Já as origens do setor de cloro-álcali no Brasil remontam a 1936, no início da operação da Companhia Eletroquímica Fluminense, no Rio de Janeiro, seguido pela inauguração, no ano seguinte, da Companhia Nitro Química Brasilieira, em São Paulo[3]. De uma forma muito resumida, trata-se de um processo em que um sal – cloreto de sódio principalmente, mas também de potássio – é submetido a uma corrente elétrica em uma célula eletroquímica produzindo um hidróxido (soda ou potassa cáustica), cloro e hidrogênio, sendo relevante os dois primeiros.
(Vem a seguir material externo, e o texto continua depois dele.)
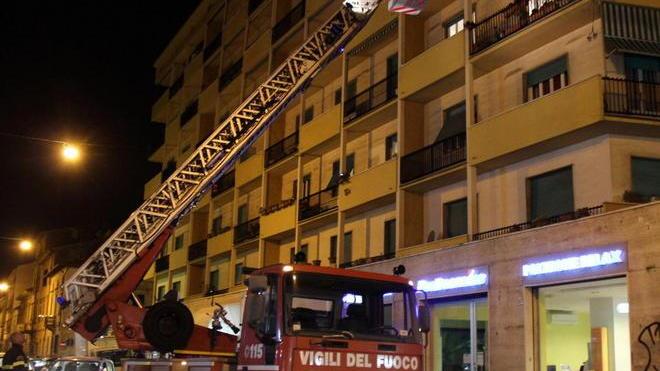 Crolla pezzo di cornicione in corso Amedeo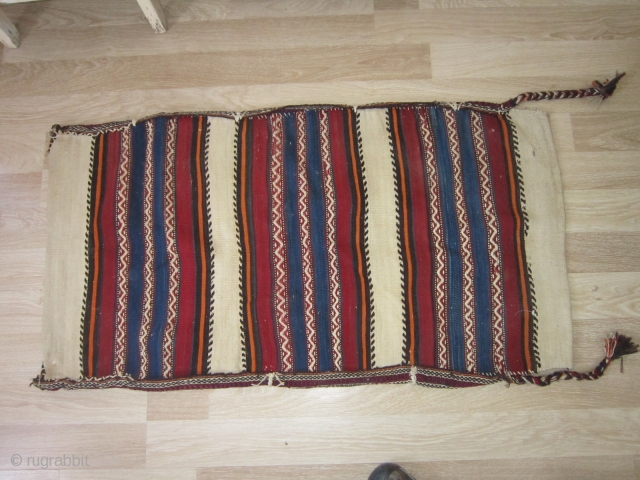 malatya cuval ,naturel dyes very good condition aproxemetly 80 years old 80 cm by 110 cm                 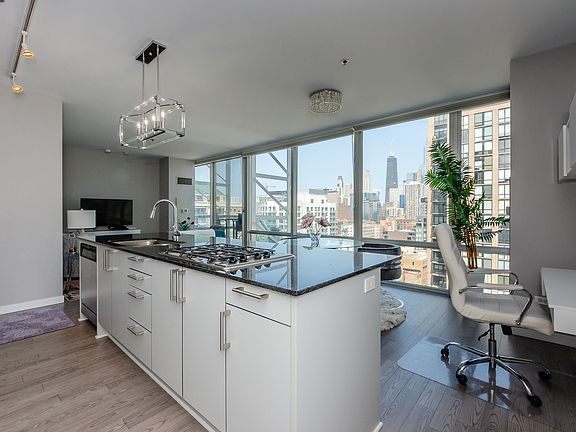 2nd image of 653 N Kingsbury St APT 1406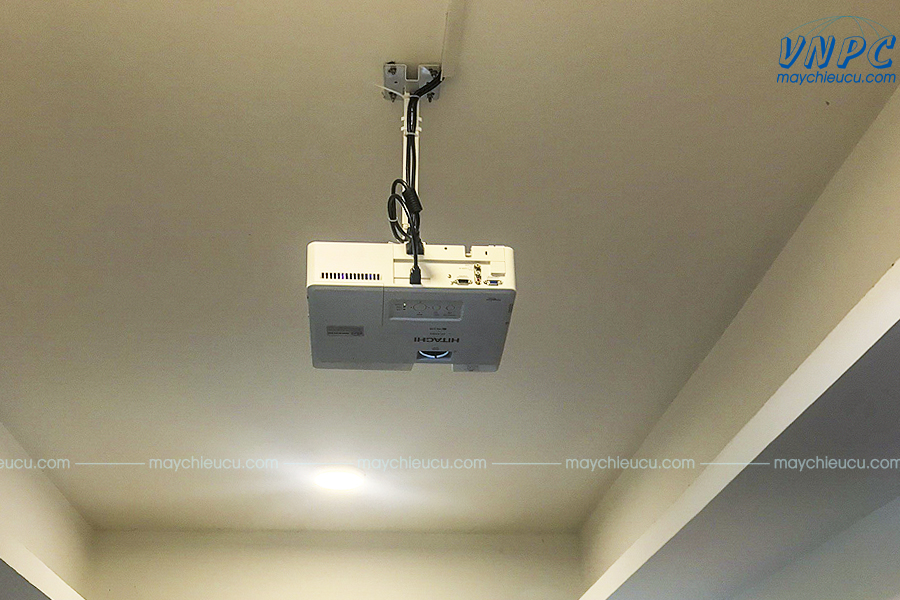 Lắp đặt Hitachi CP-EX303 và Màn chiếu 100 inch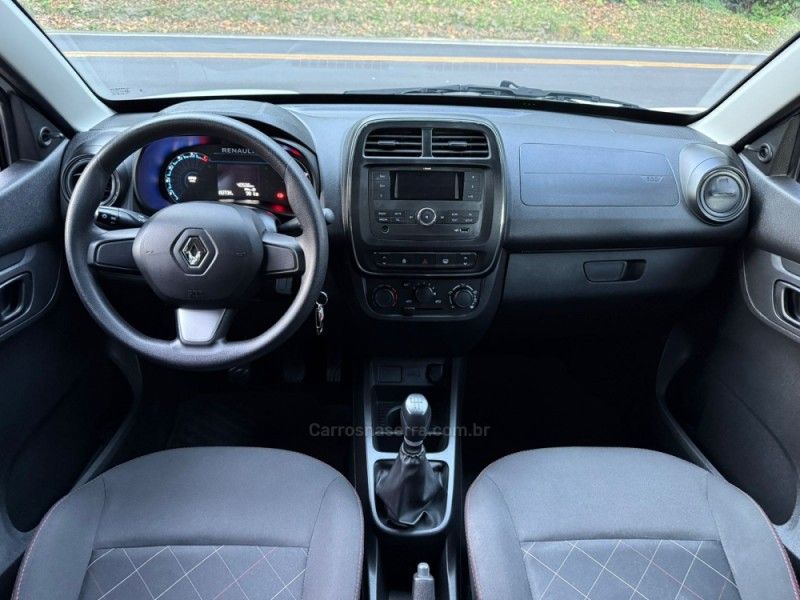 RENAULT KWID 1.0 12V SCE ZEN 2023/2024 KASPER VEÍCULOS DOIS IRMÃOS / Carros no Vale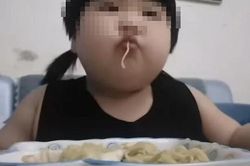 Phẫn nộ với cặp bố mẹ ép con gái 3 tuổi ăn để quay clip đăng lên mạng kiếm tiền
Aqui é importante frisar que a indústria precisa encontrar saídas comerciais para ambos os produtos, de forma a ter uma porcentagem razoável de utilização da planta a fim de manter a sustentabilidade do negócio. Se há por exemplo uma queda na demanda de cloro, por algum motivo, haverá uma redução na produção de soda cáustica e vice-versa; e é um fato que os dois mercados – soda cáustica e cloro – possuem dinâmicas próprias e independentes. Este processo é eletrointensivo, e isto torna o custo da energia como um fator de vantagem competitiva, que explica a grande competitividade dos produtores americanos depois da revolução do gás de xisto (shale gas) a partir de 2010.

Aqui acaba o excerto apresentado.